Treating Multiply Relapsed or Refractory Hairy Cell Leukemia
Name of the Trial
Randomized Phase II Trial of Rituximab with Either Pentostatin or Bendamustine for Multiply Relapsed or Refractory Hairy Cell Leukemia (NCI-10-C-0025). See the protocol summary.
Dr. Robert Kreitman, NCI Center for Cancer Research
Why This Trial Is Important
Hairy cell leukemia is an uncommon cancer of the blood in which the body produces a large number of abnormal B lymphocytes (a type of white blood cell). These abnormal cells appear “hairy” when viewed under a microscope and give the disease its name. Hairy cell leukemia is usually treated with a chemotherapy drug called cladribine when signs or symptoms of the disease develop, such as low blood cell counts, recurrent infections, or a swollen spleen.
Pentostatin, another chemotherapy drug in the same class as cladribine, is also effective against this cancer. However, most patients and doctors prefer cladribine because the typical course of treatment lasts 5–7 days as opposed to 3–6 months or longer with pentostatin. Cladribine and pentostatin have different mechanisms of action, but they both produce high rates of complete remission and have similar toxicity. Although responses to cladribine and pentostatin can last years or even decades, these drugs do not appear to cure most patients. Consequently, many patients relapse, need more treatment, and eventually develop resistant, or refractory, disease. Therefore, doctors are interested in finding new treatments or new combinations of existing treatments for patients with hairy cell leukemia who have relapsed or not responded to previous therapies.
A biological agent called rituximab binds to and kills cells that express an antigen called CD20 (CD20-positive cells). Moreover, rituximab has been used successfully to treat some patients with hairy cell leukemia who have relapsed or not responded to previous chemotherapy. Although the hairy cells that remain after cladribine or pentostatin treatment are essentially always CD20 positive, only a minority of patients respond to rituximab therapy alone. However, combinations of rituximab and either cladribine or pentostatin seem to be highly effective in nearly all patients. Dr. Kreitman is currently directing a randomized clinical trial of rituximab with cladribine in newly diagnosed (untreated) patients and patients who have had only one prior course of cladribine, but no prospective trial has yet evaluated rituximab with pentostatin in patients with hairy cell leukemia.
Yet another drug, called bendamustine, has been shown to be effective against other cancers involving B lymphocytes, such as some B-cell non-Hodgkin lymphomas and chronic lymphocytic leukemia. Bendamustine’s mechanism of action is different from those of cladribine and pentostatin, and it is known to act synergistically with rituximab in lymphoma cells. NCI researchers think that combining bendamustine and rituximab may prove effective in treating patients with multiply relapsed or refractory hairy cell leukemia.
In this trial, patients with hairy cell leukemia who have not responded to initial chemotherapy followed by second-line treatment with rituximab, or who have relapsed following two courses of chemotherapy, will be randomly assigned to receive rituximab combined with either pentostatin or bendamustine. Either way, patients will be able to “crossover” to the other regimen if the first one does not work. Doctors will assess the objective response rates of each regimen and try to determine whether one regimen is superior.

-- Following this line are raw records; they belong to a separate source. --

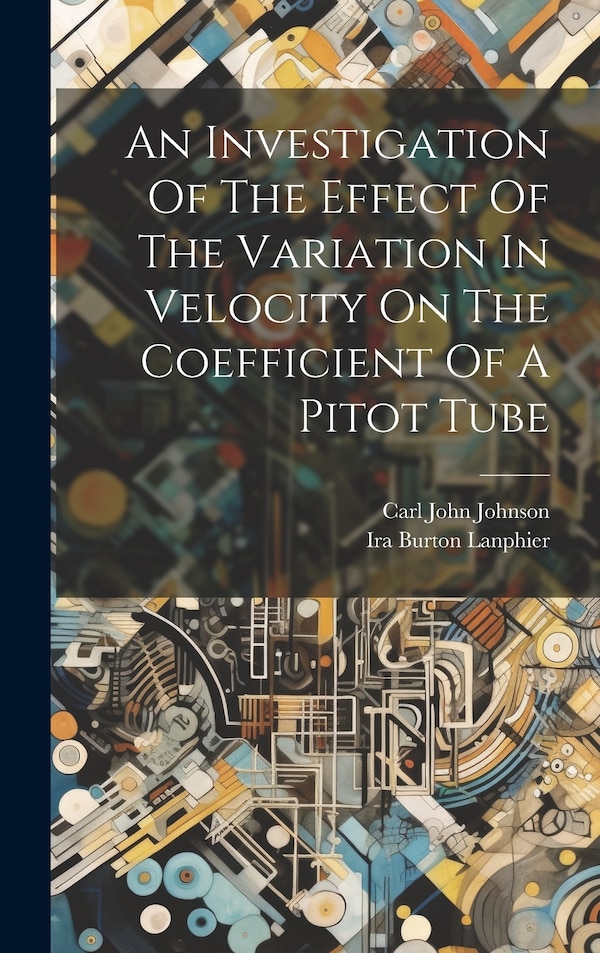 An Investigation Of The Effect Of The Variation In Velocity On The Coefficient Of A Pitot Tube by Carl John Johnson, Hardcover | Indigo Chapters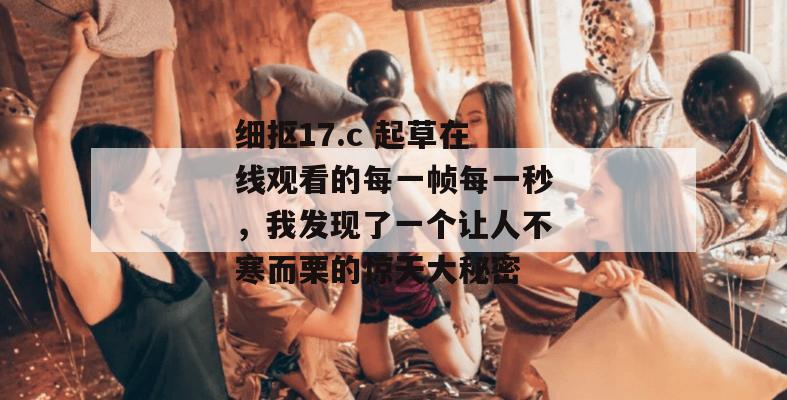 细抠17.c 起草在线观看的每一帧每一秒，我发现了一个让人不寒而栗的惊天大秘密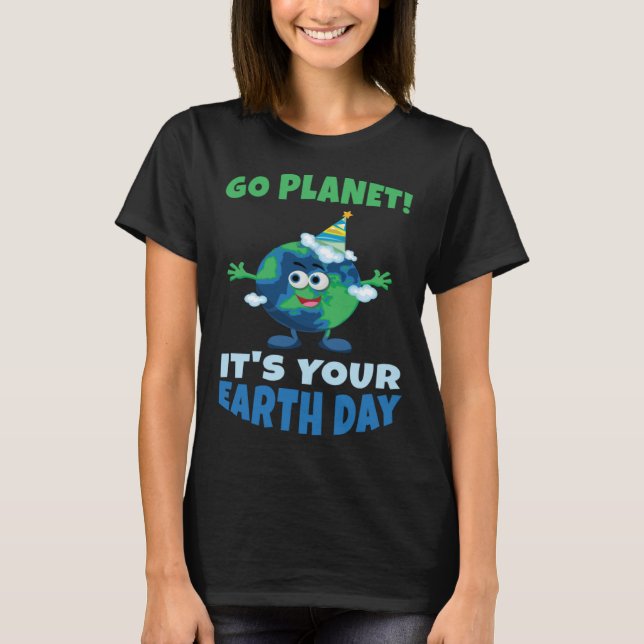 Camiseta Birth Save Nature Oceans Day Go Planet It Is Your  (Frente)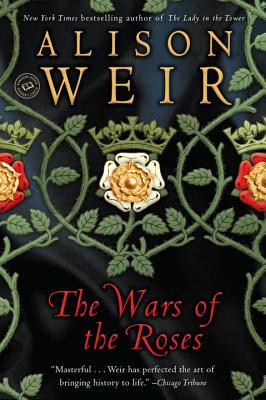 Other Wars of the Roses books by Alison Weir: The Princes in the Tower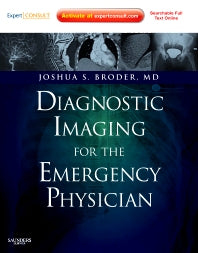 Diagnostic Imaging for the Emergency Physician; Expert Consult - Online and Print (Hardback) 9781416061137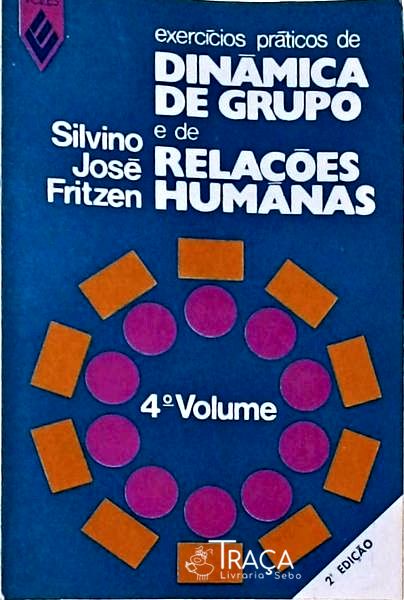 Exercícios Práticos de Dinâmica de Grupo e de Relações Humanas Vol 4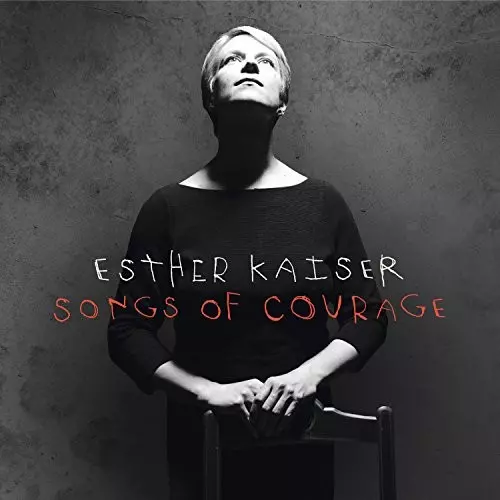 ESTHER KAISER / エスター・カイザー / Songs Of Courage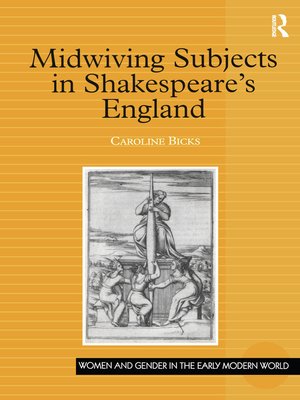 cover image of Midwiving Subjects in Shakespeare's England
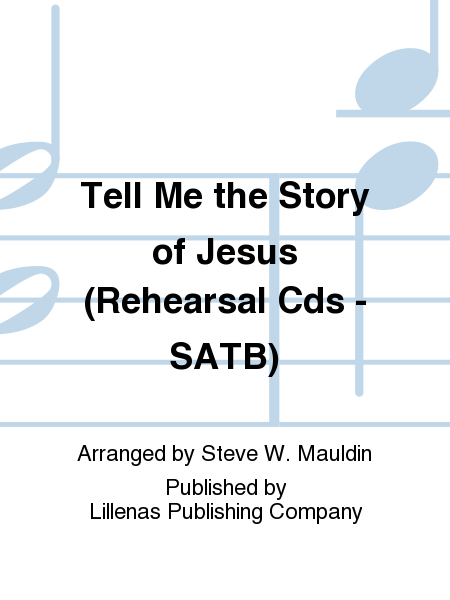 Tell Me the Story of Jesus (Rehearsal Cds - SATB)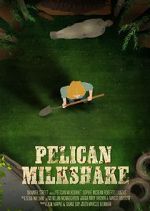 Watch Pelican Milkshake (Short 2020) Megavideo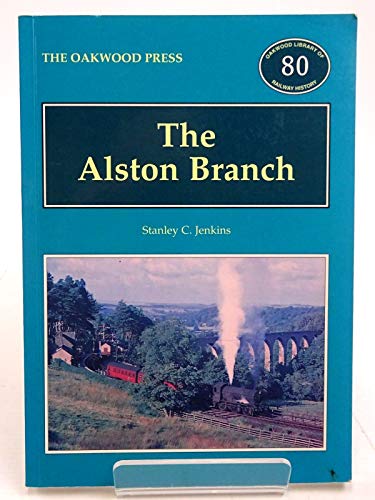 9780853615743: The Alston Branch (Oakwood Library OL80)
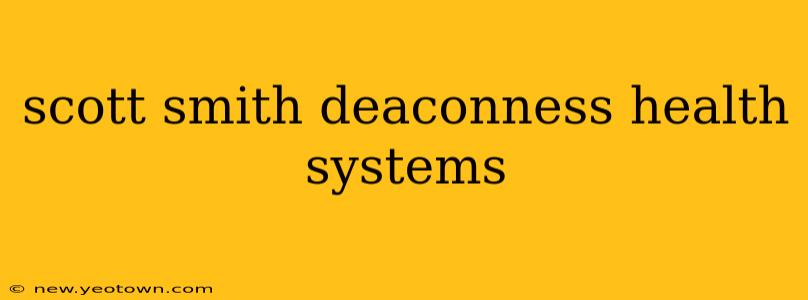 scott smith deaconness health systems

“Most of the calls we get at NCI are from multiply relapsed hairy cell patients,” said Dr. Kreitman. “The majority of these patients will have received only cladribine, but because pentostatin works differently, some patients with disease that is refractory to cladribine may be sensitive to pentostatin. So it makes sense to use rituximab along with pentostatin as a comparator to bendamustine and rituximab for patients with multiply relapsed or refractory disease.”